ContagionI don’t remember the wonder anymore.

As a child, I did not collect comics weekly. At ten, I lacked the funds and access to a friendly neighborhood comic book shop. Travel to the closest store required leaving Black suburban safety, crossing highways and railroad tracks, and strolling through an alien White community three miles away to feed a Cable and Nightwing habit. No. Besides, graphic novels offered complete story arcs, so to read new comics I would cajole my mother into forking over twenty dollars American (not including sales tax) each time I wished to depart Waldenbooks in Chesapeake Square Mall with the Spider-Man Clone Saga, or Batman: Contagion.
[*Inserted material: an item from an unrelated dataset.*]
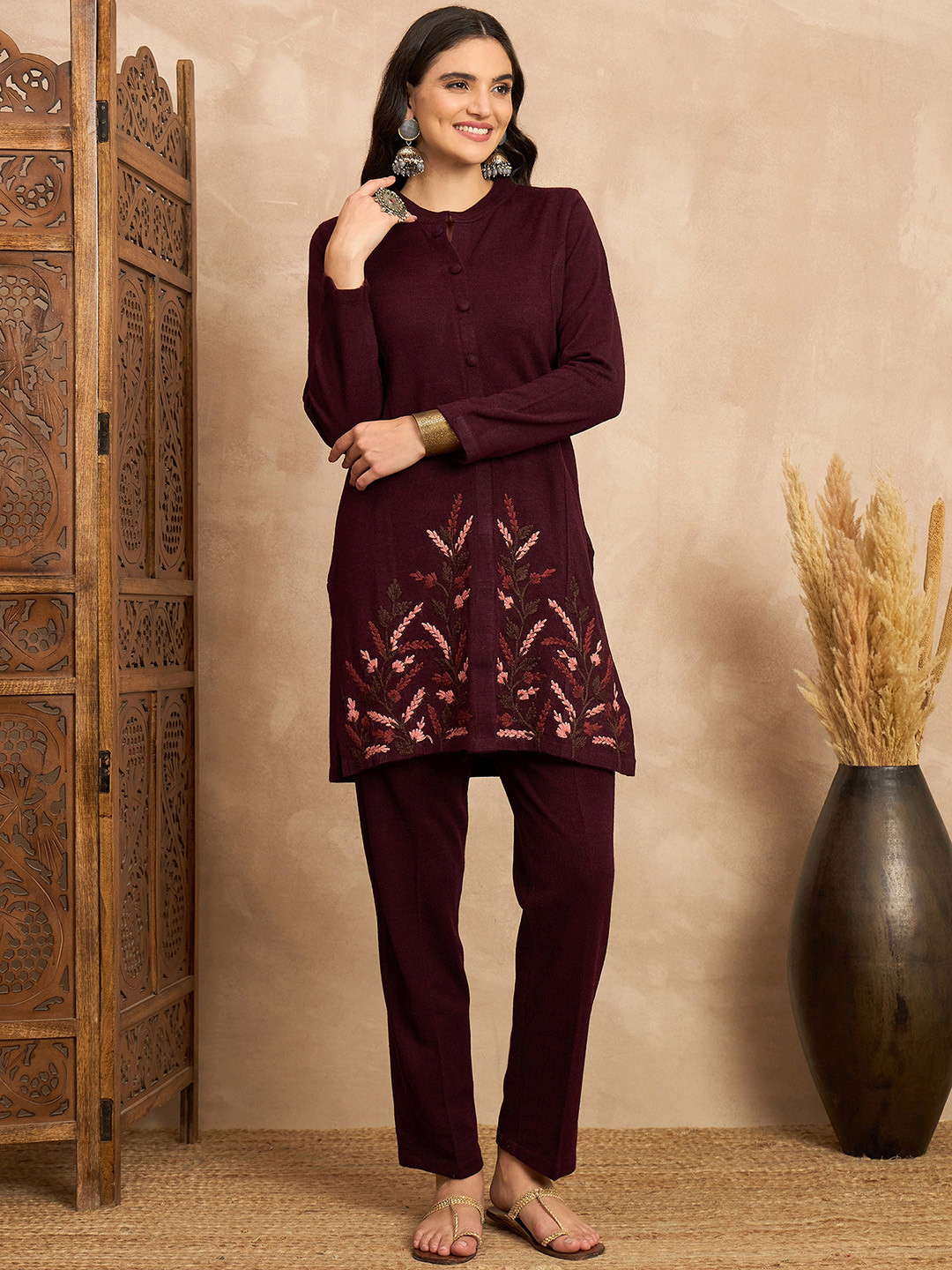 CLAPTON Women Wool Blend Embroidered Kurti & Pant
I loved those comics. Time-travel maxiseries like 1991’s Time and Time Again hurled Superman though linear time, stretching the limits of invulnerability and relativity, while Elseworlds like Superman: Speeding Bullets questioned our familiarity with the World’s Finest origins by neatly merging their narratives. (That’s right: the Waynes find the rocket from Krypton, but Joe Chill still finds them. What’s not to like?) I’d spend long hours on a unrolled forest green foam mat in my backyard, broiling under unrepentant sun, inhaling freshly cut grass, reading voraciously. Dogs barked, mosquitoes feasted, friends and foes alike traded concussions on manicured gridirons, and a stack of dog-eared and comfortable trade paperbacks proved my only companions.
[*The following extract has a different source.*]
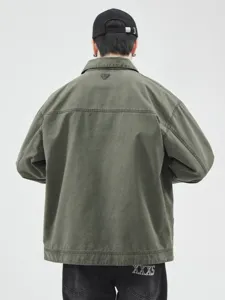 Veste en toile verte lavée rétro pour homme, vêtement d'extérieur ample streetwear, vue arrière.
I retain those memories, but lost the passion. Details, not desire. I don’t read superheroes that way anymore. When you follow characters as a child, immaturity confers humanity. Reality and fiction did not blur in my mind; no manner of computer-aided pencils and India ink could make Wally West outrace Carl Lewis. But there was an innocence when I was young! Back then, comic characters shouted and ran and jumped and fought, they foiled the dastardly and protected the innocent, they managed corporations and wrote opinion columns and discovered unknown elements – they stole the texture of life, if not it’s flavor. They did things! Childhood aches – we constantly reach for increased freedom as children, without the patience to care about dangers we can’t fathom. For superheroes, danger is not relevant. Save the day, win the girl, defeat Darkseid – that matters.